- Details
- Parent Category: Programming Assignments' Solutions
We Helped With This Statistics with R Programming Assignment: Have A Similar One?

Category | Programming |
---|---|
Subject | R | R Studio |
Difficulty | Undergraduate |
Status | Solved |
More Info | Statistics Project Helper |
Assignment Description
GEOG 5670 Spatial Analysis
Homework #5 Hypothesis Tests
The first two problems demonstrate how to do hypothesis tests in R. In this exercise we’ll be using the pastecs, psych, and lsr packages. In RStudio install these (if you haven’t already done so) and check the box next to each to load them.
1. A proposed fertilizer is being evaluated for the amount by which it increases corn production. It was decided to use a small sample of 12 farms to determine if the fertilizer results in a noticeable increase in corn yields of more than 5 bushels/acre. Based upon similar experiments in the past, the population of yield changes was believed to be normally distributed. The resulting yield changes are:
15.3, 12.9, -3.2, 16.4, 4.3, 14.6, 15.0, -2.1, 15.5, 7.2, 9.1, 15.2
Enter these data into the variable YieldChg (to indicate yield change) using the combine function c(). Use the >describe() function to get the mean and standard deviation of this sample.
a. Is this a one or two tailed test?
b. What is the value for mu (m)?
c. Given the number of samples and the supplied knowledge of the population statistics, what type of test statistic and distribution will you use?

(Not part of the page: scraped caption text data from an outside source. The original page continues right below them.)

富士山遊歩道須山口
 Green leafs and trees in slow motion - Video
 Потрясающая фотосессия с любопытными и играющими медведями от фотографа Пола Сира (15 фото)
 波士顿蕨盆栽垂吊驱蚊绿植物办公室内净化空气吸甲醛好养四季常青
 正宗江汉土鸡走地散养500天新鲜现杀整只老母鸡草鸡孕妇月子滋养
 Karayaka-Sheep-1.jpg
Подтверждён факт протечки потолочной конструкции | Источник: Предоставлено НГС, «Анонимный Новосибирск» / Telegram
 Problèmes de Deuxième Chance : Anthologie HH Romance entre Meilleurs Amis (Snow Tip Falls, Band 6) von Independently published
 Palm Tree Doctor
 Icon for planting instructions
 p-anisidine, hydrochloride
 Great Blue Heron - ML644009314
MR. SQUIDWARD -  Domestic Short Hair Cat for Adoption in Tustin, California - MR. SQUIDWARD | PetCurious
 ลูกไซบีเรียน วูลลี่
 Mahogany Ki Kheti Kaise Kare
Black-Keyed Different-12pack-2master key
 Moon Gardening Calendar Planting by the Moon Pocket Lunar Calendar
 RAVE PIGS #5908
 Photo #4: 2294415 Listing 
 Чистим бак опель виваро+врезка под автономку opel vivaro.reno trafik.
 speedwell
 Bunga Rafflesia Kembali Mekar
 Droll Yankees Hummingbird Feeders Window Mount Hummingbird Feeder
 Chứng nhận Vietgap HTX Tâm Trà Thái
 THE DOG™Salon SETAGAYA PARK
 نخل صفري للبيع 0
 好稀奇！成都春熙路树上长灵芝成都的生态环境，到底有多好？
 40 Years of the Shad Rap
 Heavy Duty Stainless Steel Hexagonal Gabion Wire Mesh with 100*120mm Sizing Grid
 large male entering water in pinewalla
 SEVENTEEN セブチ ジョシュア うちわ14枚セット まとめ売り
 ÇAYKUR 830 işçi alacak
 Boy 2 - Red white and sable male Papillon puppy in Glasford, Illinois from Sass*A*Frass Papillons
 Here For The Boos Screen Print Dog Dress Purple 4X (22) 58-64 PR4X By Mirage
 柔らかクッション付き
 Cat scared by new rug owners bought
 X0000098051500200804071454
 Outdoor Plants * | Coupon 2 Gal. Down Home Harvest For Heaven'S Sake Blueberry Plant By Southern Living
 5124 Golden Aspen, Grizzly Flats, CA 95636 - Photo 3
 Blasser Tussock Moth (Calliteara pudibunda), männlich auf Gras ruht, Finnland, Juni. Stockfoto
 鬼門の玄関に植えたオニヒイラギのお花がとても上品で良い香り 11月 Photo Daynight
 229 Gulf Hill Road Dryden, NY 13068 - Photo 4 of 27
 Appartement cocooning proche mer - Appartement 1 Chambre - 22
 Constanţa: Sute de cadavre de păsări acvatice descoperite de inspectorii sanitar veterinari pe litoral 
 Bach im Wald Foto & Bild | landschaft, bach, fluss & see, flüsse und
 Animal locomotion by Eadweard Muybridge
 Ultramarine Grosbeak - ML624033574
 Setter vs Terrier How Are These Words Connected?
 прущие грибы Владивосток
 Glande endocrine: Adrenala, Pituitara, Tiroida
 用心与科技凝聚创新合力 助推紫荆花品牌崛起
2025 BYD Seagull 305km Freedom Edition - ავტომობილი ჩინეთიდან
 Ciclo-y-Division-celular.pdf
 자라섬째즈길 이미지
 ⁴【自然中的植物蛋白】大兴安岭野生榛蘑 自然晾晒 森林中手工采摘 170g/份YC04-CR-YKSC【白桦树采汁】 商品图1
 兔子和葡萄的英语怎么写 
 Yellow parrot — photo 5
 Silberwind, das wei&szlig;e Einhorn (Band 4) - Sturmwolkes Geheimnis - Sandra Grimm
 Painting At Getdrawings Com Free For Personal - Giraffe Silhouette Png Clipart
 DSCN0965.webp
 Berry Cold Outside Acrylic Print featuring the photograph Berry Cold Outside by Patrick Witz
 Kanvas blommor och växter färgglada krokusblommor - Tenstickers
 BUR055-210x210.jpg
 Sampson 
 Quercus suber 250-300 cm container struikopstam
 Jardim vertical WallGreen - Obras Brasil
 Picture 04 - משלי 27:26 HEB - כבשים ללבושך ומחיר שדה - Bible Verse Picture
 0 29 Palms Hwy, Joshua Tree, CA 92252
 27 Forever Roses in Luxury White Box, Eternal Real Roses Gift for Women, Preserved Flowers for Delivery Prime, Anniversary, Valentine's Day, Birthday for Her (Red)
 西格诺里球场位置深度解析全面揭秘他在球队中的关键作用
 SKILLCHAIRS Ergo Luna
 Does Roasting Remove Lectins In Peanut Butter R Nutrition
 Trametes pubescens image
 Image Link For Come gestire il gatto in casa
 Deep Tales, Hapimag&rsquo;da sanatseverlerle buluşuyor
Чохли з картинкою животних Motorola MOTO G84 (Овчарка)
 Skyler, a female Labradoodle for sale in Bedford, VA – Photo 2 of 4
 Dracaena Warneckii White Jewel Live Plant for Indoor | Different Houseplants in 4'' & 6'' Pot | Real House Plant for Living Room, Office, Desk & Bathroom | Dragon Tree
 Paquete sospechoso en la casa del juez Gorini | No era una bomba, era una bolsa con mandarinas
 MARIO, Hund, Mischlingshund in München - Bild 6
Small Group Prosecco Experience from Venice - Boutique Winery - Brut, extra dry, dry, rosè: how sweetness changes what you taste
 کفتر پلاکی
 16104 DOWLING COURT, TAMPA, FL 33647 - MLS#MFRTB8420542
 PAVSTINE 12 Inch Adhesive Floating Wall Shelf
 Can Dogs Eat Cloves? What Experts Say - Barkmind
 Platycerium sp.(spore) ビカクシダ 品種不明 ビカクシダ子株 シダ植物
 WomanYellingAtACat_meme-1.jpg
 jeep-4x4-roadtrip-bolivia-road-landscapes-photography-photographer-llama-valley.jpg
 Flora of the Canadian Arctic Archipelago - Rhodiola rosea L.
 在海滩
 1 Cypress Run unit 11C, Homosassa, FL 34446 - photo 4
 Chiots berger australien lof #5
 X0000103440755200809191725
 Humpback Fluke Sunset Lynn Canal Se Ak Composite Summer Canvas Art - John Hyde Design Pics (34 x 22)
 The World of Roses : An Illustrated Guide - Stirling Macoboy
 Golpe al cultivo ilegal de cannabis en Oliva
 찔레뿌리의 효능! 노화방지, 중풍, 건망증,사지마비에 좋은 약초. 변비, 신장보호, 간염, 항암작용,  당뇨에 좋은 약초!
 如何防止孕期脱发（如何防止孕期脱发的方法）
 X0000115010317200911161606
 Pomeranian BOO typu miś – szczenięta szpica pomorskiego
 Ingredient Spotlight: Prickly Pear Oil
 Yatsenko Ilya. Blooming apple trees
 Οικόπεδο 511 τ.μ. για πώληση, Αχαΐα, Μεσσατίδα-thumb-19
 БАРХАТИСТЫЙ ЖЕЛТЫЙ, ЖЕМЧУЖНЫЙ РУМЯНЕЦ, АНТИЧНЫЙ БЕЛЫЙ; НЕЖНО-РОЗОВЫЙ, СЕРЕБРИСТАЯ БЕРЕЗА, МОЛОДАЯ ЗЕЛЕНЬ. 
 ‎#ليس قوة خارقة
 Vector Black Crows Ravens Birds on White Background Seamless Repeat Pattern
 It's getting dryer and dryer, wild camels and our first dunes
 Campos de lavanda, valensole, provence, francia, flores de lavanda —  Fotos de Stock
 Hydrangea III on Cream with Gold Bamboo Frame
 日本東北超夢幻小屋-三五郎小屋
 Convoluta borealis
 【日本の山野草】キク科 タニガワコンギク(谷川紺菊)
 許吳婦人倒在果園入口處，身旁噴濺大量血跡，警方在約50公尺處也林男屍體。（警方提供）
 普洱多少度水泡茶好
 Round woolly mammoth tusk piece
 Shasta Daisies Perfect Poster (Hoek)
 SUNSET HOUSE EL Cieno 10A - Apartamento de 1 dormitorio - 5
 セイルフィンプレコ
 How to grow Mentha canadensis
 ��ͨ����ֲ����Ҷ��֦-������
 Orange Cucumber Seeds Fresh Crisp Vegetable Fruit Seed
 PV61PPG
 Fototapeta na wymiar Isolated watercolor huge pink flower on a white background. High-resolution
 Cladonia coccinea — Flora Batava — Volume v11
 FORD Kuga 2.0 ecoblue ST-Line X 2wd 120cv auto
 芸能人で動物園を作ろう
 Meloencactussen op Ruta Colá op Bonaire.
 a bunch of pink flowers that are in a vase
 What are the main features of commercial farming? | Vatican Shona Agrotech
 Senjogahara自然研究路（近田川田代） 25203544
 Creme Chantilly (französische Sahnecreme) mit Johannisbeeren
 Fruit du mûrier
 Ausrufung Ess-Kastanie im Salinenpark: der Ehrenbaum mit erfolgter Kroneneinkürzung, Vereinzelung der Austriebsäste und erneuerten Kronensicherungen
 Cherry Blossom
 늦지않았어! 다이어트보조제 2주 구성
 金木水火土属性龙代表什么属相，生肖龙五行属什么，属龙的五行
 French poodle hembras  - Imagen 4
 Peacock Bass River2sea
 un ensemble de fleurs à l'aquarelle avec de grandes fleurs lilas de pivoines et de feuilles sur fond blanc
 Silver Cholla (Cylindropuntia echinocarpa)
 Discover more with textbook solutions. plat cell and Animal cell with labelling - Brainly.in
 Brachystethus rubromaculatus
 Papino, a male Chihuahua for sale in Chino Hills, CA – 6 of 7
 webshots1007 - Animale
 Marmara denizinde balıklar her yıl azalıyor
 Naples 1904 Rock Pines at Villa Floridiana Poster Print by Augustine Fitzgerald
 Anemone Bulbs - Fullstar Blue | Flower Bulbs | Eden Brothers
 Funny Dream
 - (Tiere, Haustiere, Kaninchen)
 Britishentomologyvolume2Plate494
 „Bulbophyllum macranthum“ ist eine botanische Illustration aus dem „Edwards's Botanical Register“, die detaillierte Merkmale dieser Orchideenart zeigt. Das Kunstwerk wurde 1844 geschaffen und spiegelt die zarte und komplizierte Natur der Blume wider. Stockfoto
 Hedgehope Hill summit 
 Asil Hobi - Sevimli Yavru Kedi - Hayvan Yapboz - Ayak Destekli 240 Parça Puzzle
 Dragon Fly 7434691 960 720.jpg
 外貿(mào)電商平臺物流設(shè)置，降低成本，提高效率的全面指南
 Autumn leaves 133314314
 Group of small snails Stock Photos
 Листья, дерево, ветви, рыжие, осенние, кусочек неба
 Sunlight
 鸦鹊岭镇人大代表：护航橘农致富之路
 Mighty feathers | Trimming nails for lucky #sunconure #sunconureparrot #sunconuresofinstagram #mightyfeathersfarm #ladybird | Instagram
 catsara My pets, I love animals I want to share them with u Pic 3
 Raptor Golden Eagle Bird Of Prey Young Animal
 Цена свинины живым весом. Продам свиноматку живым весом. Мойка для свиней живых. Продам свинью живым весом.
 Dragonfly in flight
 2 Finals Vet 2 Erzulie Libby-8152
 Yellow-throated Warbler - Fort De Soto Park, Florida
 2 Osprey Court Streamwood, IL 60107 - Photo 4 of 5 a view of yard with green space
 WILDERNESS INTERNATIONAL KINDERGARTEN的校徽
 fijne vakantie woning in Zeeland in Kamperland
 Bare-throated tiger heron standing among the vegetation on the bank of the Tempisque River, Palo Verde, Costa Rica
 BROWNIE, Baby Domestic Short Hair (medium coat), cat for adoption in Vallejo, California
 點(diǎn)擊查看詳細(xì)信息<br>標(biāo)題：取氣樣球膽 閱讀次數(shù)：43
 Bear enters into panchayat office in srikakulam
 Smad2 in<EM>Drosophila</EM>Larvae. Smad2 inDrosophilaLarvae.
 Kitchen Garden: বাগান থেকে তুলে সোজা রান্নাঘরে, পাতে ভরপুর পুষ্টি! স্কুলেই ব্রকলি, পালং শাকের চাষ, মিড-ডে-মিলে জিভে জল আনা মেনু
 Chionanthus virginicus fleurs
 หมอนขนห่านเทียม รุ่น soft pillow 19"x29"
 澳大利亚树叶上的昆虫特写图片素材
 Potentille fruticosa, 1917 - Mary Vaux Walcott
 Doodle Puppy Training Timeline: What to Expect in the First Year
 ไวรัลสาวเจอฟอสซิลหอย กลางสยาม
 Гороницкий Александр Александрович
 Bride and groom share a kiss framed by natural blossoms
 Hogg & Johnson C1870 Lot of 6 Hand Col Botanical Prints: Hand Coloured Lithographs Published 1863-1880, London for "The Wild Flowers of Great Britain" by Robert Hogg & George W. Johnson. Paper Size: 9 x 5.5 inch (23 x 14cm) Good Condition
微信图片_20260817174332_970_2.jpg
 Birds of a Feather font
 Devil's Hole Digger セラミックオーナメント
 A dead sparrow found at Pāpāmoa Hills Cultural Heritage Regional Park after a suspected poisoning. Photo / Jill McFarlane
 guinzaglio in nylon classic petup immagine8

d. State the null and alternate hypothesis Use the:
t.test(x, y = NULL, alternative = c("two.sided", "less", "greater"),
mu = 0, paired = FALSE, var.equal = FALSE, conf.level = 0.95, ...)
function to run a one-sample t test on x = YieldChg (be sure to specify the hypothesized difference of 5 bushels/acre as mu = 5.0 and the correct alternative = (either “two.sided”, “less”, or “greater”).
e. What is the value of the test statistic for the yield change of the 12 farms in the study?
f. What is the p-value for the sample mean?
g. What is the 95% confidence interval for the difference in yield changes between your sample and the 5 bushel/acre difference? Since this interval does not include 5, what does this indicate about the significance of the difference between your group and the 5 bushel/acre yield change you specified in the t.test?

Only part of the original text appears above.